*** Opening of DATA FOR THIS TASK ***

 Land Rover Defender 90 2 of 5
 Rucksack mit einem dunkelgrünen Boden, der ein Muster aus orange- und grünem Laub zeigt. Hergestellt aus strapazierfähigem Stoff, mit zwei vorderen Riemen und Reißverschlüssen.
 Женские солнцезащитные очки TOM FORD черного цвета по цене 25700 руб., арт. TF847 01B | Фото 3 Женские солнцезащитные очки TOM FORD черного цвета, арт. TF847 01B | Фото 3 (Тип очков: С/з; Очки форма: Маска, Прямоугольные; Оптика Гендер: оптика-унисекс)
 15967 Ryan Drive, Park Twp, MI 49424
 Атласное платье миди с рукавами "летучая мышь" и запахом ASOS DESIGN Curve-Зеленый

*** Close of DATA FOR THIS TASK ***

### EXERCISE DETAILS
Copy every line that appears above, with each word kept as it is.

### RESULT
 Land Rover Defender 90 2 of 5
 Rucksack mit einem dunkelgrünen Boden, der ein Muster aus orange- und grünem Laub zeigt. Hergestellt aus strapazierfähigem Stoff, mit zwei vorderen Riemen und Reißverschlüssen.
 Женские солнцезащитные очки TOM FORD черного цвета по цене 25700 руб., арт. TF847 01B | Фото 3 Женские солнцезащитные очки TOM FORD черного цвета, арт. TF847 01B | Фото 3 (Тип очков: С/з; Очки форма: Маска, Прямоугольные; Оптика Гендер: оптика-унисекс)
 15967 Ryan Drive, Park Twp, MI 49424
 Атласное платье миди с рукавами "летучая мышь" и запахом ASOS DESIGN Curve-Зеленый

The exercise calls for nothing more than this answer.